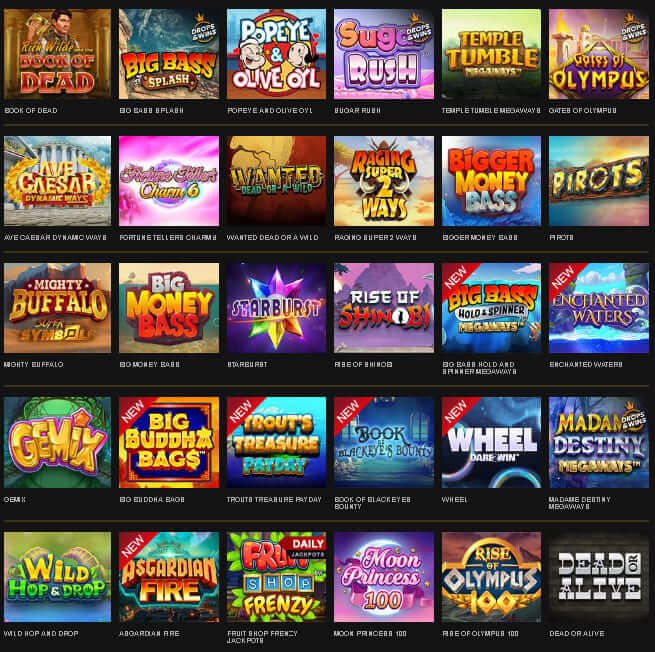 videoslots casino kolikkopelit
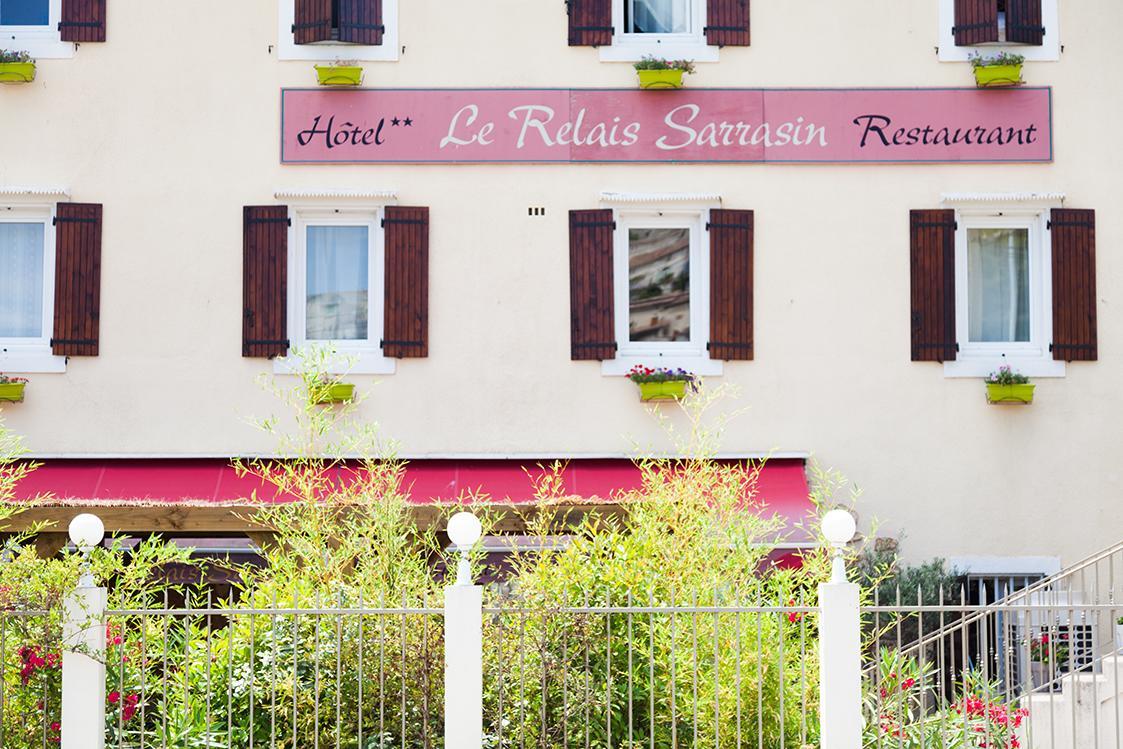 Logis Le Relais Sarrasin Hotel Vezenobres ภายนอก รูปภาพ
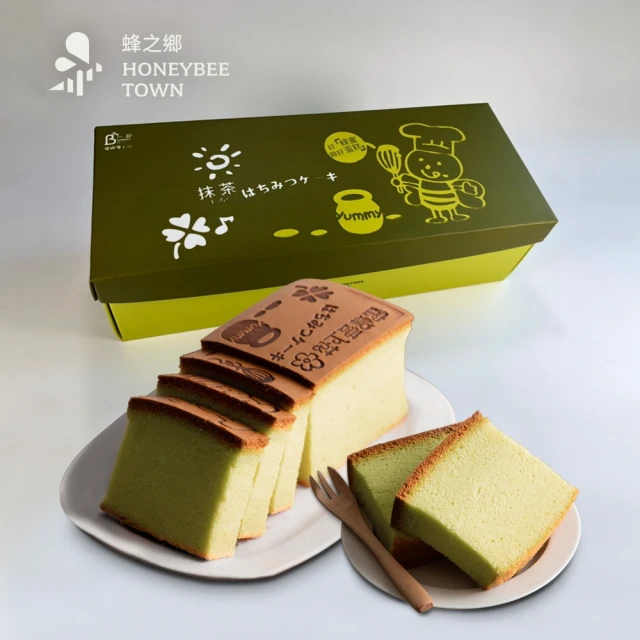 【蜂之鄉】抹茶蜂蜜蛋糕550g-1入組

━━━

Reproduce the listing verbatim, pictures excluded.

- _Problem solution_:
 videoslots casino kolikkopelit
 Logis Le Relais Sarrasin Hotel Vezenobres ภายนอก รูปภาพ
 【蜂之鄉】抹茶蜂蜜蛋糕550g-1入組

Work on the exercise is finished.